- [PROBLEM]
Only the pictures are to be dropped, and the rest of the data should be copied exactly.

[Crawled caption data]

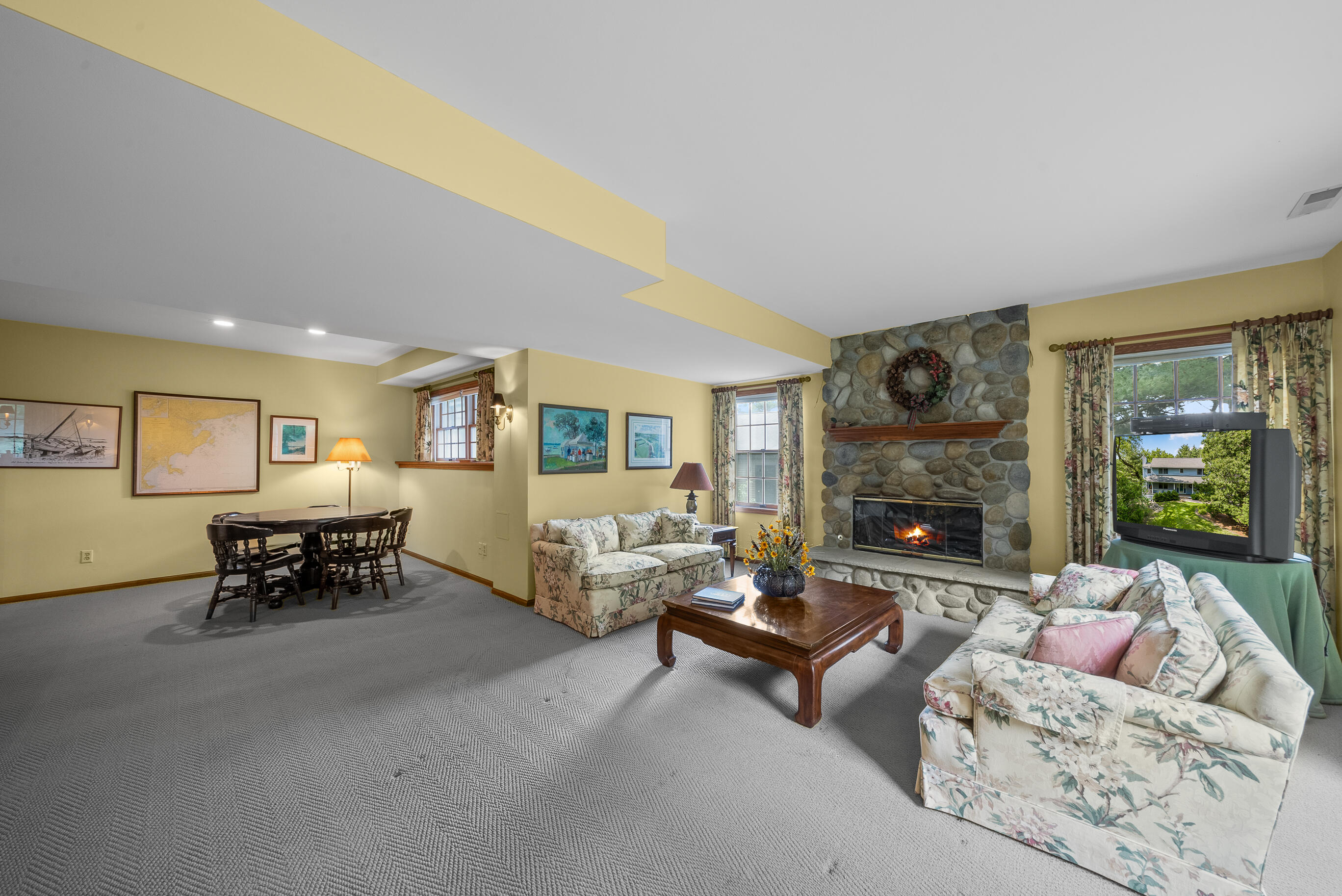 6624 Lakeside Rd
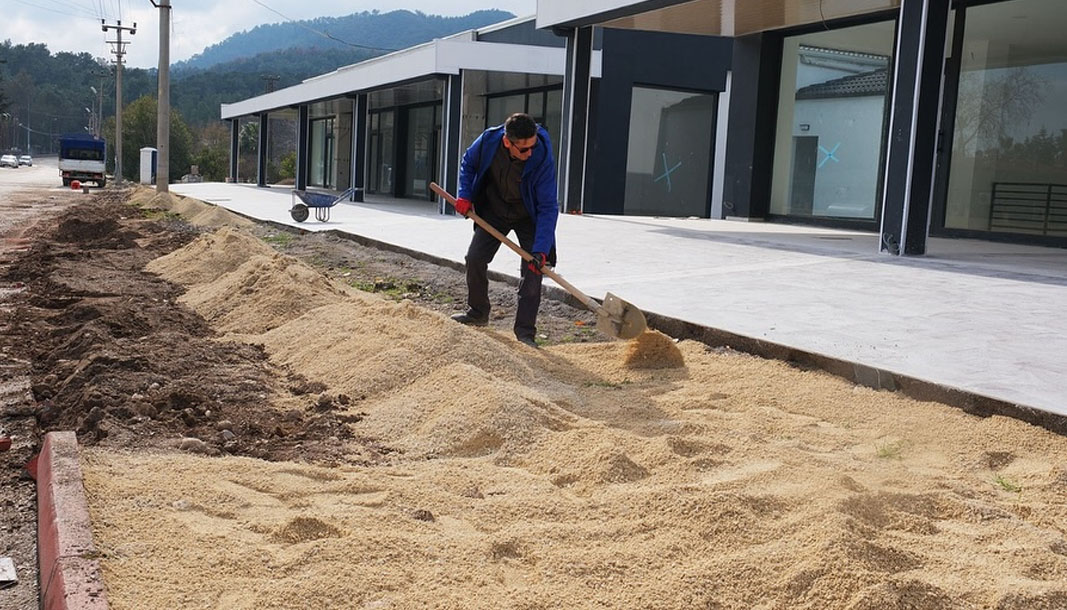 Tekirova Mahallesi’nde kaldırım çalışması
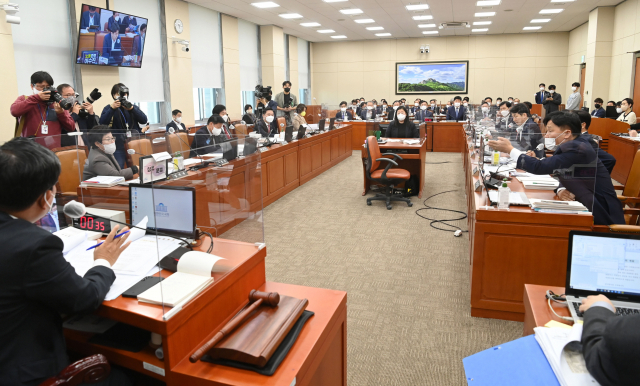 국회 환경노동위원회 국민의힘 임이자 간사와 더불어민주당 김영진 간사가 17일 국회 환경노동위원회에서 열린 근로복지공단 등에 대한 국정감사에서 김문수 경제사회노동위원장에 대한 고발 여부를 두고 언쟁을 벌이고 있다. 연합뉴스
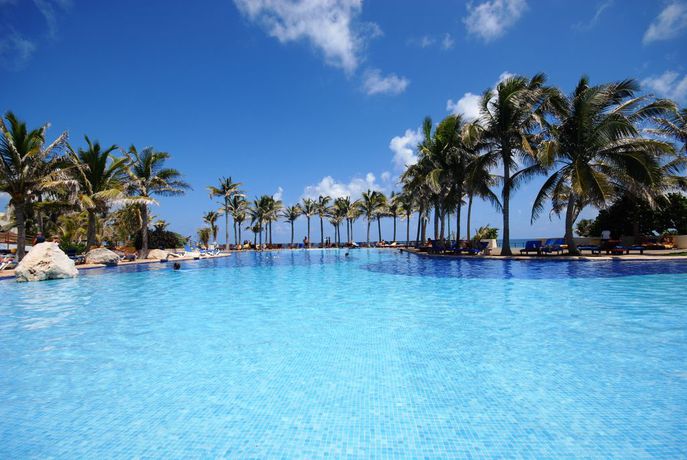 Imagen de la piscina del Hotel Oh! Cancun On The Beach by Oasis. Foto 9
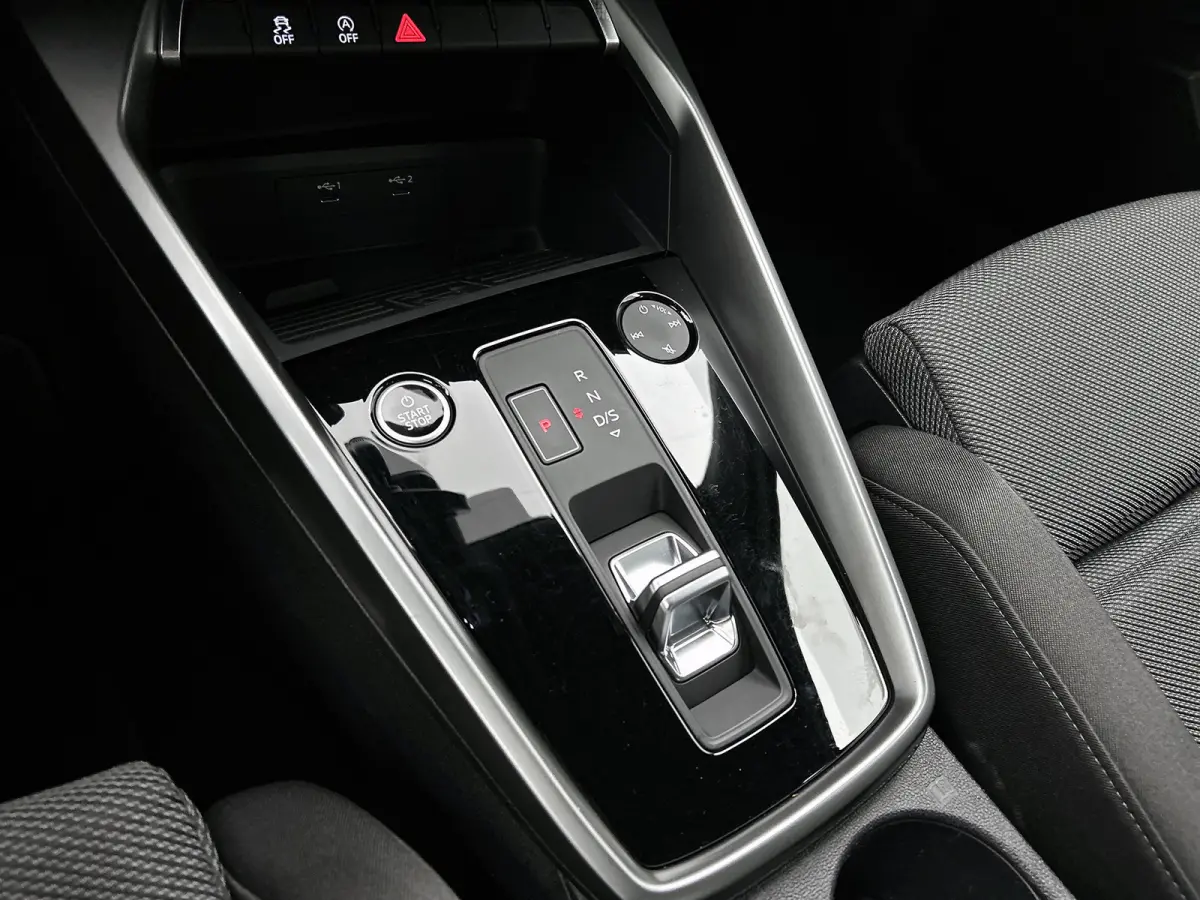 30 TFSI Business edition (NAVIGATIE, CAMERA, TRAKHAAK AFNEEMBAAR, 1e EIGENAAR, GOED ONDERHOUDEN)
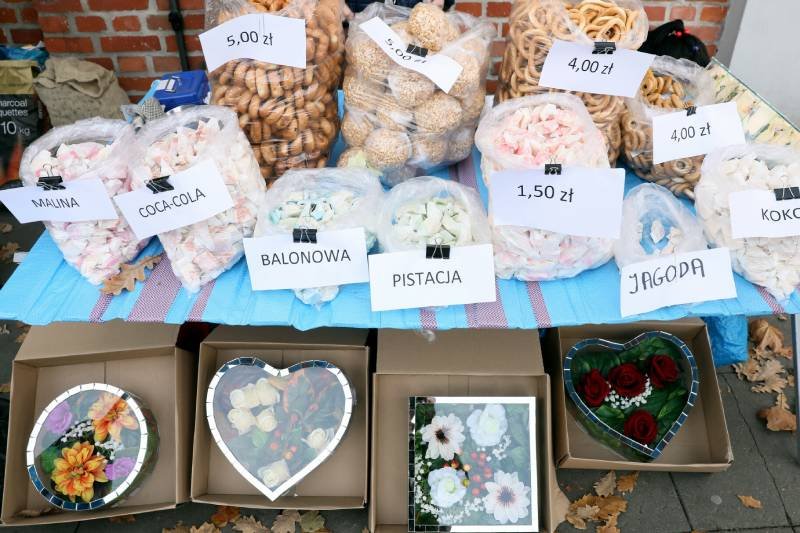 Pańska skórka na straganie przed cmentarzem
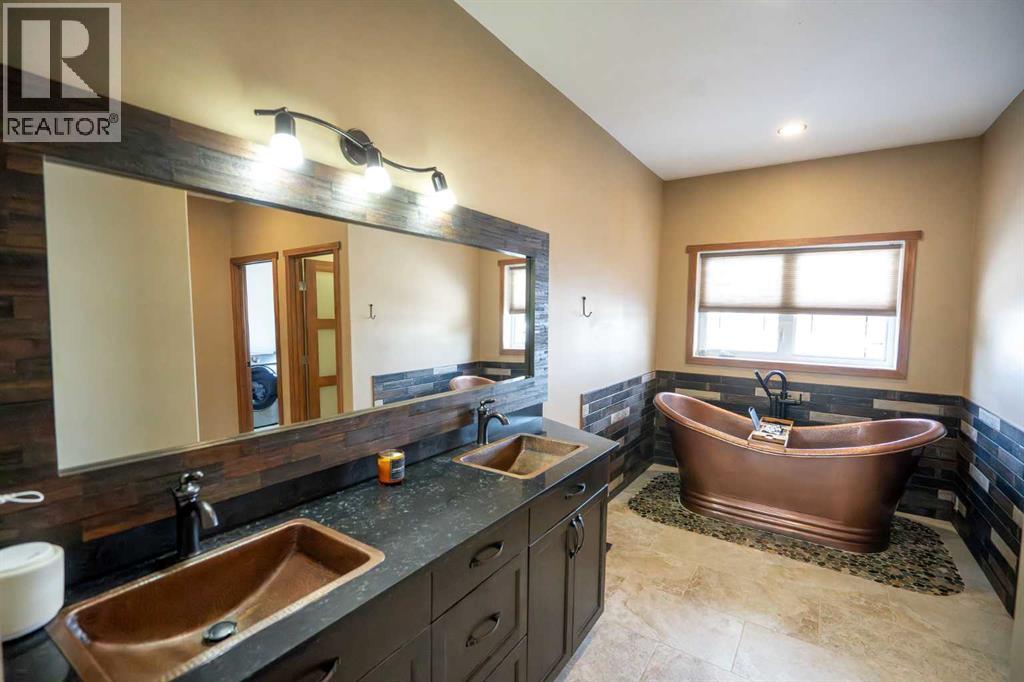 433002 Range Road 24, Rural Ponoka County, Alberta  T0C 2J0 - Photo 15 - A2295104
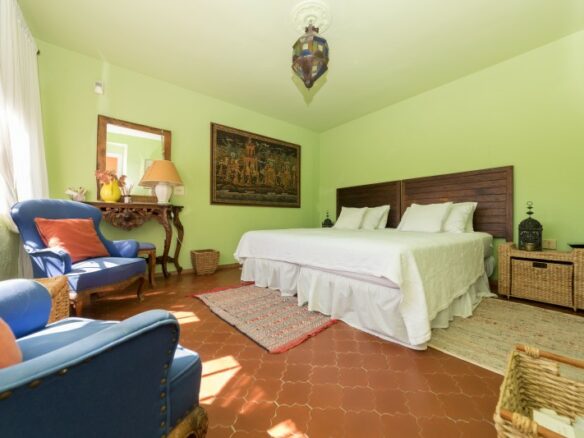 Nueva Andalucia – 4B villa – Hilltop -To Reform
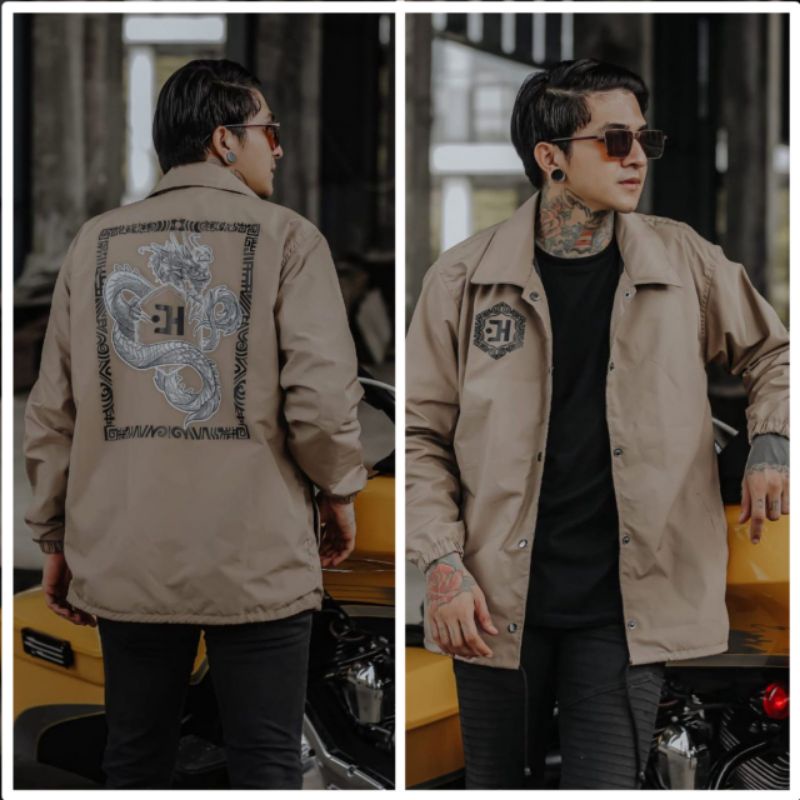 Jaket Pria - Jaket Coach Pria - Jaket Coach warna Cream Naga Silver - Jaket Pria Keren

- [ANSWER SECTION]
 6624 Lakeside Rd
 Tekirova Mahallesi’nde kaldırım çalışması
 국회 환경노동위원회 국민의힘 임이자 간사와 더불어민주당 김영진 간사가 17일 국회 환경노동위원회에서 열린 근로복지공단 등에 대한 국정감사에서 김문수 경제사회노동위원장에 대한 고발 여부를 두고 언쟁을 벌이고 있다. 연합뉴스
 Imagen de la piscina del Hotel Oh! Cancun On The Beach by Oasis. Foto 9
 30 TFSI Business edition (NAVIGATIE, CAMERA, TRAKHAAK AFNEEMBAAR, 1e EIGENAAR, GOED ONDERHOUDEN)
 Pańska skórka na straganie przed cmentarzem
 433002 Range Road 24, Rural Ponoka County, Alberta  T0C 2J0 - Photo 15 - A2295104
 Nueva Andalucia – 4B villa – Hilltop -To Reform
 Jaket Pria - Jaket Coach Pria - Jaket Coach warna Cream Naga Silver - Jaket Pria Keren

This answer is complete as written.